Sir Martin Donnelly emphasises the importance of leadership and culture in supporting gender equality in the workplace

‘Gender and other diversity issues are really about culture, both workplace and societal’, said President of Boeing Europe and former top civil servant Sir Martin Donnelly, who spoke at Oxford Saïd on 12 February 2020 as part of the Driving Diversity and Inclusion series. He emphasised that a key question for leaders is how tolerant they should be of behaviours that are not inclusive and not consistent with the desired culture.

Donnelly’s presentation drew heavily on his experience as Permanent Secretary at the UK’s Department for International Trade and, before that, at the Department of Business, Innovation, and Skills for seven years. Although he supports ensuring adequate representation of women and people of colour in senior roles and the need for role models, he stressed that this focus on the top jobs was not enough. ‘Unless you’ve got a system that produces people from a range of backgrounds who want to do those jobs you will find it doesn’t work over time...Unless you create a culture where women at every stage of their careers are given genuinely equal opportunities to move up, you don’t have effective gender diversity – you’ve just fiddled the figures’.

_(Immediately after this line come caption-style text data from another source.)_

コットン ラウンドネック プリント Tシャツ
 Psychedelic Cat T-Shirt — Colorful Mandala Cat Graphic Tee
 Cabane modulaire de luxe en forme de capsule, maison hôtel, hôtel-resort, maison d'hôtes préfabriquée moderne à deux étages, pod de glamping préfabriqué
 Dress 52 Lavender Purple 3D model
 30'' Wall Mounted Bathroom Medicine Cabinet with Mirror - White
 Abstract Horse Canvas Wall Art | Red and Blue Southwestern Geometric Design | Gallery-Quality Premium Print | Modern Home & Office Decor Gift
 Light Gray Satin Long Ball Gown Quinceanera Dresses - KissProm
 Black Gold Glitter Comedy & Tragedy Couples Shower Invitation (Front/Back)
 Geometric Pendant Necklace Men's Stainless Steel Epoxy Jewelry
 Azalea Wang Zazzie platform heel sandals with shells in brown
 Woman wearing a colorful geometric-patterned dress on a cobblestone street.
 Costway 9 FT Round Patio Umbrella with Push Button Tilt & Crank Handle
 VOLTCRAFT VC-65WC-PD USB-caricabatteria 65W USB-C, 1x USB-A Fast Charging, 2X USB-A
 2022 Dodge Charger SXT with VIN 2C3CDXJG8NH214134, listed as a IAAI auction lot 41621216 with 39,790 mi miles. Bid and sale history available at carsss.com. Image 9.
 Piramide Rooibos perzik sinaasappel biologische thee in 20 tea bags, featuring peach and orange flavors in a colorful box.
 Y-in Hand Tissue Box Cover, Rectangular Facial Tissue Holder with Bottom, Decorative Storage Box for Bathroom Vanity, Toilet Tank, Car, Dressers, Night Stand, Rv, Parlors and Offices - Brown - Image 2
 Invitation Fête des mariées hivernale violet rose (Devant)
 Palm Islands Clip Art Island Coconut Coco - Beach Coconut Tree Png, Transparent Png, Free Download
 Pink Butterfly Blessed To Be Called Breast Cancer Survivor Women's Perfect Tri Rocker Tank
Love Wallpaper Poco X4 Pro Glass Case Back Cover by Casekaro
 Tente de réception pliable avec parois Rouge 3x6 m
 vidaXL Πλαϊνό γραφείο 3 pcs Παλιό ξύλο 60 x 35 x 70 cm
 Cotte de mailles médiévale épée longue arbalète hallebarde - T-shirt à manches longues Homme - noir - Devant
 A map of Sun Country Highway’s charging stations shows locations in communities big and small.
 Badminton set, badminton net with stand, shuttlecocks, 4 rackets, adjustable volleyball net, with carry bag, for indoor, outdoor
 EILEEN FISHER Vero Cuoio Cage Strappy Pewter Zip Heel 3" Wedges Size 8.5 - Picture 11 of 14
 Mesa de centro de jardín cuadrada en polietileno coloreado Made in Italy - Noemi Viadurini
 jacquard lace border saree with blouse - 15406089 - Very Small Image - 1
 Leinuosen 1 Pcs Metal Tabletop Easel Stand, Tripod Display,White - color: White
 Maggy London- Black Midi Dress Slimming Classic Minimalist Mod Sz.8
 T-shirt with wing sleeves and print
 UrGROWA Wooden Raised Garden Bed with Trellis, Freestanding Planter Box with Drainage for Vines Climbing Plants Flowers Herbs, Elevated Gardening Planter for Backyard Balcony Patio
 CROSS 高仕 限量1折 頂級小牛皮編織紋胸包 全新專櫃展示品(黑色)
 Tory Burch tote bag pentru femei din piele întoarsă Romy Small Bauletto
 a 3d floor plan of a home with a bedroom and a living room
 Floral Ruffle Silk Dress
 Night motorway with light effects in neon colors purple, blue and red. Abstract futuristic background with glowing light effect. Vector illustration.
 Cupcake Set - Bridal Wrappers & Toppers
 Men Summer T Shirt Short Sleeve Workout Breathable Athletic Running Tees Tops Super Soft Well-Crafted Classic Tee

The idea that many women and men are uncomfortable with competitive, macho, and long-hours working cultures is not new. Nor are the traditional solutions: job-shares, flexible hours, part-time working. But, as Donnelly pointed out, they do not seem to be leading to enough progress. There is still a gender pay gap, still a minority representation of women in top jobs, and still an acceptance of the assumptions that female-friendly working practices are not suitable for senior roles, and that women do not always want to apply for those roles anyway.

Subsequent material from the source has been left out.